■ **What the exercise asks**: Write the lines below out exactly, dropping each picture.

■ **Stored data**:
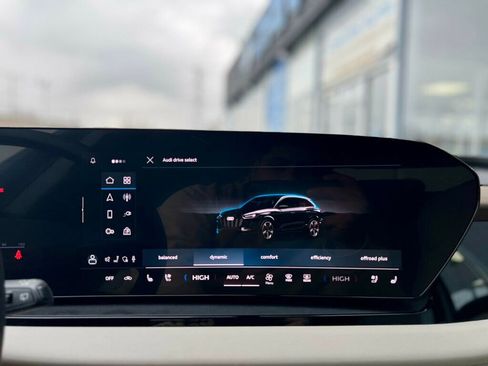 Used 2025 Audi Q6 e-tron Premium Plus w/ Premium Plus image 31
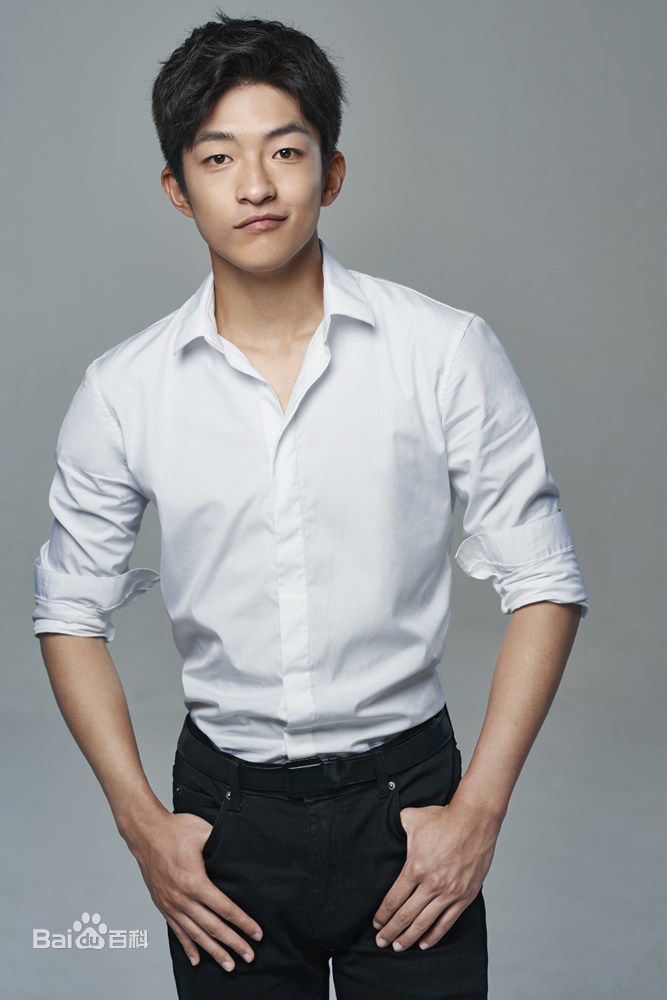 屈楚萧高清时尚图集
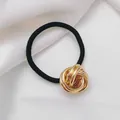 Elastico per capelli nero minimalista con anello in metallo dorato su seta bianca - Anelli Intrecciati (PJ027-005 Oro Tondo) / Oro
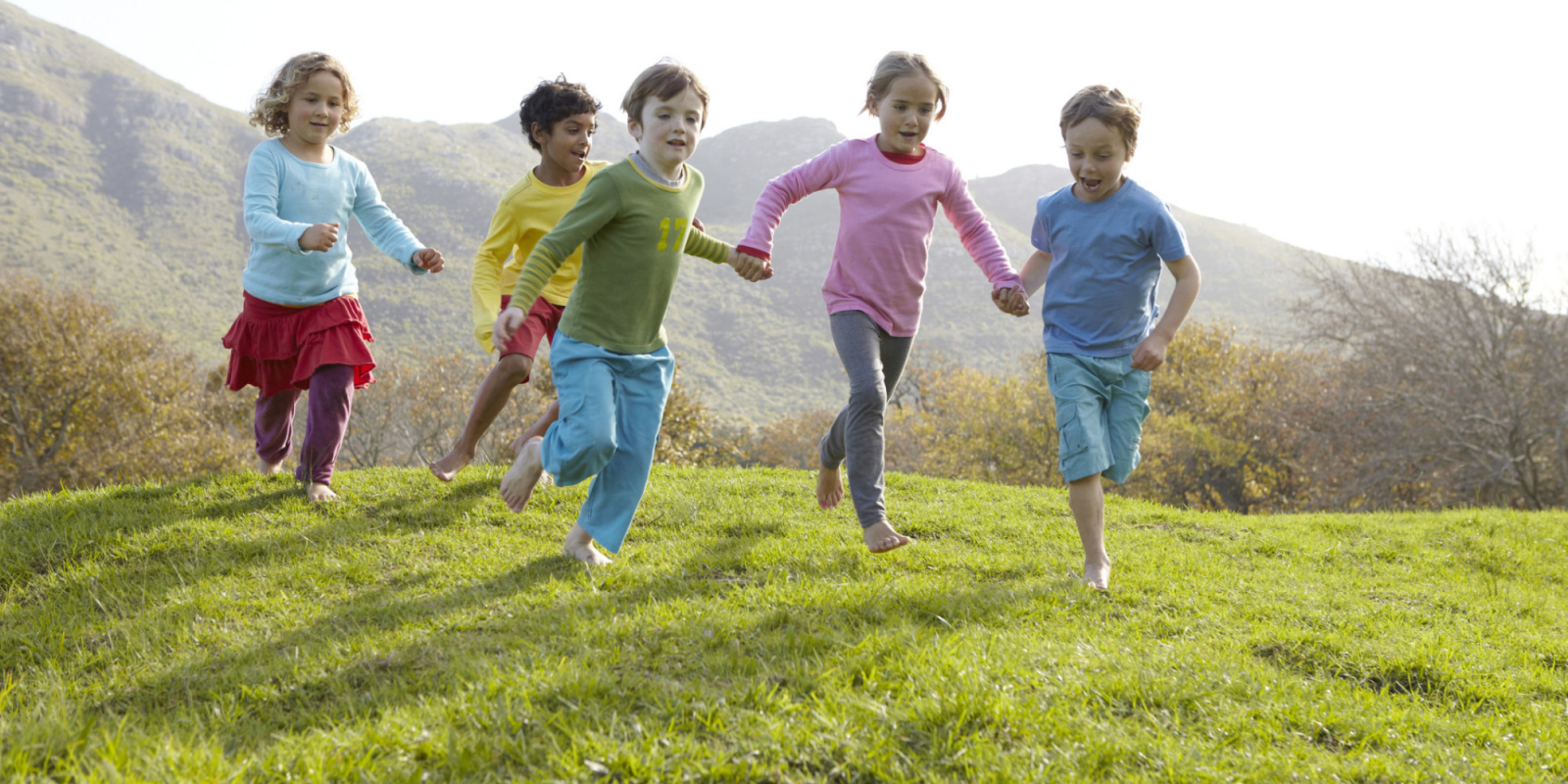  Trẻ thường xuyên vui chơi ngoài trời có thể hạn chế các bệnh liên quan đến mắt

■ **Result for this exercise**:
 Used 2025 Audi Q6 e-tron Premium Plus w/ Premium Plus image 31
 屈楚萧高清时尚图集
 Elastico per capelli nero minimalista con anello in metallo dorato su seta bianca - Anelli Intrecciati (PJ027-005 Oro Tondo) / Oro
  Trẻ thường xuyên vui chơi ngoài trời có thể hạn chế các bệnh liên quan đến mắt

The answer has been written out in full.